With respect to a potentially meritorious defense, the Federation submitted an affidavit of its executive director, Jennifer Jones Austin, who stated that the Federation was an "anti-poverty policy and advocacy organization" that "is not and has never been a direct service provider" and "does not and has never employed teachers, day care workers, or other similarly situated individuals that qualify as mandated reporters." Austin attested that the Federation "never had an employee by the name of Hezekiah Malloy, Jr." The Federation also submitted its 2002 annual report, which contained a list of employees and member agencies. The evidence submitted by the Federation was sufficient to demonstrate a potentially meritorious defense to the action (see Galatro v Lake Pointe Owners, Inc., 230 AD3d 1111, 1113).
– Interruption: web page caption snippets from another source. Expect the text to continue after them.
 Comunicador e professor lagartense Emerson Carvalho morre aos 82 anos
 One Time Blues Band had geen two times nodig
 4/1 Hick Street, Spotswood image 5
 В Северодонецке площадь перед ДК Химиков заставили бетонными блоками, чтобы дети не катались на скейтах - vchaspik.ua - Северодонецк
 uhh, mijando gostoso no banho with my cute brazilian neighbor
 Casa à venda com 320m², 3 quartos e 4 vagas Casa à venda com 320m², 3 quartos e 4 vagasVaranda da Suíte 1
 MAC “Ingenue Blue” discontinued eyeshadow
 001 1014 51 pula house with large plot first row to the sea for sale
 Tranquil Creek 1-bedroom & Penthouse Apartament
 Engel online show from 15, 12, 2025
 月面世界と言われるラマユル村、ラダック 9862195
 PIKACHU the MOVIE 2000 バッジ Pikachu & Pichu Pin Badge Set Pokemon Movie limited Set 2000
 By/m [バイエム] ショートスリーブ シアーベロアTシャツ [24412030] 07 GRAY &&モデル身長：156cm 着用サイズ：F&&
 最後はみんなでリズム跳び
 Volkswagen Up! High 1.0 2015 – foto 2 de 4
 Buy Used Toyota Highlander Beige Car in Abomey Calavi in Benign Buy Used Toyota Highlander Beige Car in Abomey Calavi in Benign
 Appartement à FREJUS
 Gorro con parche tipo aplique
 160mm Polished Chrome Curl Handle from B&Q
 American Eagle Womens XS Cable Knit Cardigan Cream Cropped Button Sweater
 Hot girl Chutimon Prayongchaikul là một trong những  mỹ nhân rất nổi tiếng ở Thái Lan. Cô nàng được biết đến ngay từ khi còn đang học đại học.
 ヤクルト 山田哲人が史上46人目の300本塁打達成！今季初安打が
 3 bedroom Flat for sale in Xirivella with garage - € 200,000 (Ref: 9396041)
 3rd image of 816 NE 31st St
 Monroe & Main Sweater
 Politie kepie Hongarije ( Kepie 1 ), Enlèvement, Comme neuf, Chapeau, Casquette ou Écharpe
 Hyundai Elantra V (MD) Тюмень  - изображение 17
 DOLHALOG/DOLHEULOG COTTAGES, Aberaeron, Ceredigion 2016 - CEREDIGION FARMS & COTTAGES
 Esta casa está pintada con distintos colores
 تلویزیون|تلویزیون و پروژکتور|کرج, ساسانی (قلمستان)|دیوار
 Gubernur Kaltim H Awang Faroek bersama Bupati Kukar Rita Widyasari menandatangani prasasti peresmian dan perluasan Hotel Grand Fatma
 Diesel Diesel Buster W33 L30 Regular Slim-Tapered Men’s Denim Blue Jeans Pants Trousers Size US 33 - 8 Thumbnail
Further, there is strong public policy that favors resolving cases on the merits (see ZG Palmetto, LLC v Alongi, 230 AD3d at 1197).
"'On a motion to dismiss pursuant to CPLR 3211(a)(7), the complaint is to be afforded a liberal construction, the facts alleged are presumed to be true, the plaintiff is afforded the benefit of every favorable inference, and the court is to determine only whether the facts as alleged fit within any cognizable legal theory'" (Clevenger v Yuzek, 222 AD3d 931, 934, quoting Gorbatov v Tsirelman, 155 AD3d 836, 837). "Where evidentiary material is submitted and considered on a motion to dismiss a complaint pursuant to CPLR 3211(a)(7), and the motion is not converted into one for summary judgment, the question becomes whether the plaintiff has a cause of action, not whether the plaintiff has stated one and, unless it has been shown that a material fact as claimed by the plaintiff to be one is not a fact at all and unless it can be said that no significant dispute exists regarding it, dismissal shall not eventuate" (Clevenger v Yuzek, 222 AD3d at 934).
"Although the facts pleaded are presumed to be true and are to be accorded every favorable inference, 'bare legal conclusions as well as factual claims flatly contradicted by the record are not entitled to any such consideration,' nor are legal conclusions or factual claims which are inherently incredible entitled to any such consideration" (Strunk v New York State Bd. of Elections, 126 AD3d 777, 778, quoting Riback v Margulis, 43 AD3d 1023, 1023 [citations omitted]; see Cordell Marble Falls, LLC v Kelly, 191 AD3d 760, 762). Generally, "[a]ffidavits submitted by a defendant 'will almost never warrant dismissal under CPLR 3211 unless they establish conclusively that [the plaintiff] has no cause of action'" (Bianco v Law Offs. of Yuri Prakhin, 189 AD3d 1326, 1328, quoting Lawrence v Graubard Miller, 11 NY3d 588, 595 [alteration omitted]).
Here, the evidence submitted by the Federation conclusively established that the plaintiff has no cause of action against it. Therefore, the Supreme Court properly granted the Federation's motion pursuant to CPLR 3211(a) to dismiss the complaint insofar as asserted against it (see Langley v Melville Fire Dist., 213 AD3d 748, 751; Bianco v Law Offs. of Yuri Prakhin, 189 AD3d at 1328-1329).
The remaining contentions of the plaintiff and the Federation are without merit.
LASALLE, P.J., FORD, VOUTSINAS and GOLIA, JJ., concur.